Fourth Quarter Forecast

Summary:

As we enter the final quarter of 1999, we are struck by
how much the world has changed since the year began. The virtual
disintegration of Russia's experiment in liberalization and China's
dramatic retreat from many of its internal and external openings,
coupled with its growing tensions with the United States, show the
distance we have come and the increasing velocity of the processes
we have been tracking.


Analysis:

It is our view that the major trends described in our
Annual Forecast [ http://www.stratfor.com/services/giu/1999.asp ]
remain intact. The Asian economic bloc has not developed as quickly
as we thought it would and the Ukrainian crisis has been delayed by
events in the Caucasus, Central Asia and Moscow. While we no longer
expect these developments this year, we do very much continue to
expect them. On the other hand, our other forecasts have either
come to pass or are likely to come to pass before the end of the
year.

The fourth quarter will see a continuation and intensification of
the central global process: the realignments of domestic politics
and foreign policy in both Russia and China. We continue to see
tension, turmoil and instability throughout the Eurasian land mass,
particularly in Eurasia's two leading powers.  We expect Russia,
with the support and encouragement of China, to intensify the
process of expanding its influence into the old Soviet Empire.  We
expect China to continue and intensify its efforts to control
internal centrifugal forces, while intensifying its confrontation
with Taiwan and the United States.  A summit meeting appears to be
set between Russian President Boris Yeltsin and his Chinese
counterpart, Jiang Zemin, in November and, assuming that both
survive politically until that date, we expect that summit to be a
critical event not only for the year but for the coming decade

In China, Jiang took off his Western suit and tie, put on a Mao
suit, and stood watching while gigantic portraits of Mao and Deng
passed by and tanks and missiles deployed, in the largest military
show of force in about 15 years. His change of costume is a self-
conscious symbolization of the dramatic change China is undergoing.
Jiang is desperately trying to recreate the Communist regime that
had been permitted to fray during the country's economic boom.
While party cadre and army officers were busy making money in
lucrative deals with Westerners, Communist symbolism and even
institutions seemed to become archaic and irrelevant.
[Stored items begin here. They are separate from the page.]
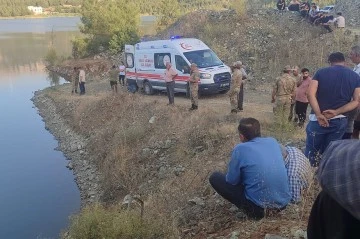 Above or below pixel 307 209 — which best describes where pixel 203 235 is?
below

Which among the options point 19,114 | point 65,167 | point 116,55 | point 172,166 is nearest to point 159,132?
point 172,166

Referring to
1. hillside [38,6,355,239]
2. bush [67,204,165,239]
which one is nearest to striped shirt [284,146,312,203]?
hillside [38,6,355,239]

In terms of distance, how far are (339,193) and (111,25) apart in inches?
1406

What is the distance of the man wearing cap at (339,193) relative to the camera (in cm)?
132

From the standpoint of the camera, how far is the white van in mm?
14094

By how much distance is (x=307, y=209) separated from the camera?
4.39m

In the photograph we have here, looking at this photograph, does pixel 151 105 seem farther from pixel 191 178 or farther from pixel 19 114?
pixel 19 114

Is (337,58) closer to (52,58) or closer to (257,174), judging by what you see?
(257,174)

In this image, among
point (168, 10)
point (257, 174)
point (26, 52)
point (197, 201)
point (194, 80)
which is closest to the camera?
point (257, 174)

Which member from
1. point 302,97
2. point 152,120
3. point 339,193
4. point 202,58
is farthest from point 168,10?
point 339,193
Now that the halcyon days are past, Jiang urgently needs to create
a new center of gravity for China. All he has to call on is the
Party. In dusting off his old Mao suit, Jiang hopes to lay claim to
the charisma of China's founder in order to save the regime from
the cynicism and corruption that destroyed the Soviet Union.

Jiang also seeks to save his own hide. After all, he presided over
China's reversal of economic fortune. Thus, while trying to
resurrect the authority of the Party over the country, Jiang was
trying also to make it clear that he controls the Party. Standing
on the reviewing stand, Jiang became Chairman Jiang, the heir to
Mao and Deng in everything but name. And that is what we find
fascinating. It would be much more effective to be named Chairman
Jiang than to merely look like Chairman Jiang. In fact, trying to
look like a chairman without being given the title reveals more
weakness than strength.

The reason Jiang was not named Chairman is obscure, but we think
the key to the reasons might be found flanking him on the reviewing
stand. On one side, Prime Minister Zhu Rongji, still there, still
unfireable, regardless of Jiang's best efforts. Jiang has done
absolutely everything possible to make Zhu the scapegoat for
China's economic problems. Indeed, Jiang has a case, in the sense
that Zhu was the architect and spokesman for many of China's
reformist economic policies. Nevertheless, Jiang does not seem to
have the strength to hang Zhu from the yardarms. Even more
interesting, on Jiang's other side was Li Peng, stalwart
conservative, disapproving of many of the reforms.  Li, who had
apparently been eclipsed by history, has not only survived, but
seems to point the way to the future - a future filled with Mao
suits and perhaps new editions of little red books.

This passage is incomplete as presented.